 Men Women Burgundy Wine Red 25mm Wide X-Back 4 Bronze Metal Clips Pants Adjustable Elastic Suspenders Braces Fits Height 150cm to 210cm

==

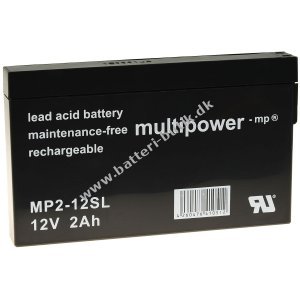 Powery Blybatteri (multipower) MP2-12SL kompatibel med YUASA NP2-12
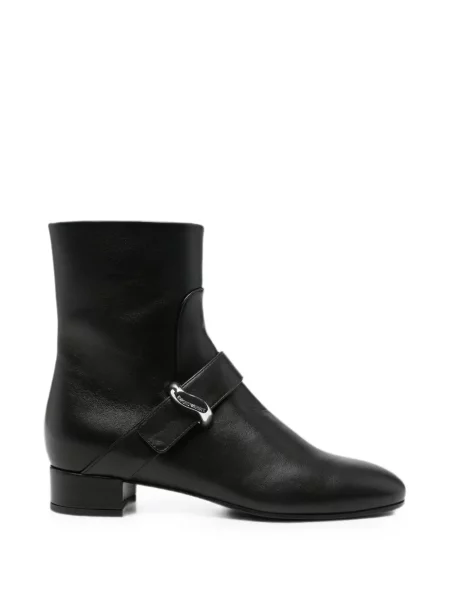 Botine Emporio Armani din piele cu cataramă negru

--

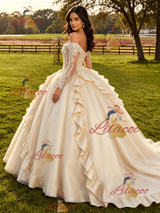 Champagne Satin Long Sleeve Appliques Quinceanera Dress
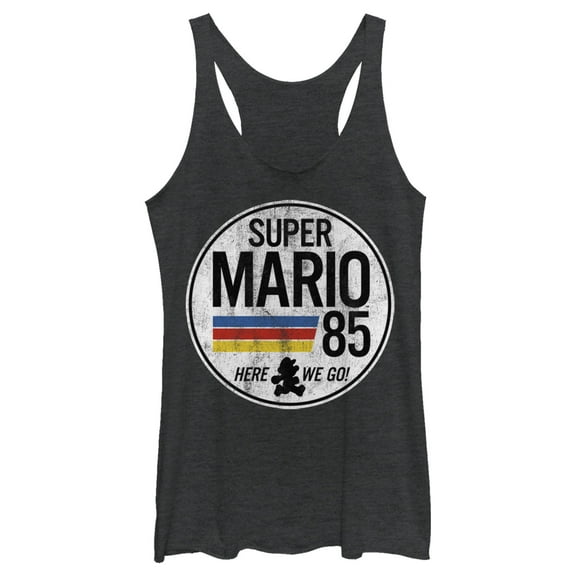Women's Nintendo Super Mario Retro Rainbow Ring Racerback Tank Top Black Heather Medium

■ **Required action**:
Skip every picture, and restate word for word only the lines above from the line containing "Champagne Satin Long" to the line containing "Women's Nintendo Super", both of them included.

■ **Exercise response**:
 Champagne Satin Long Sleeve Appliques Quinceanera Dress
Women's Nintendo Super Mario Retro Rainbow Ring Racerback Tank Top Black Heather Medium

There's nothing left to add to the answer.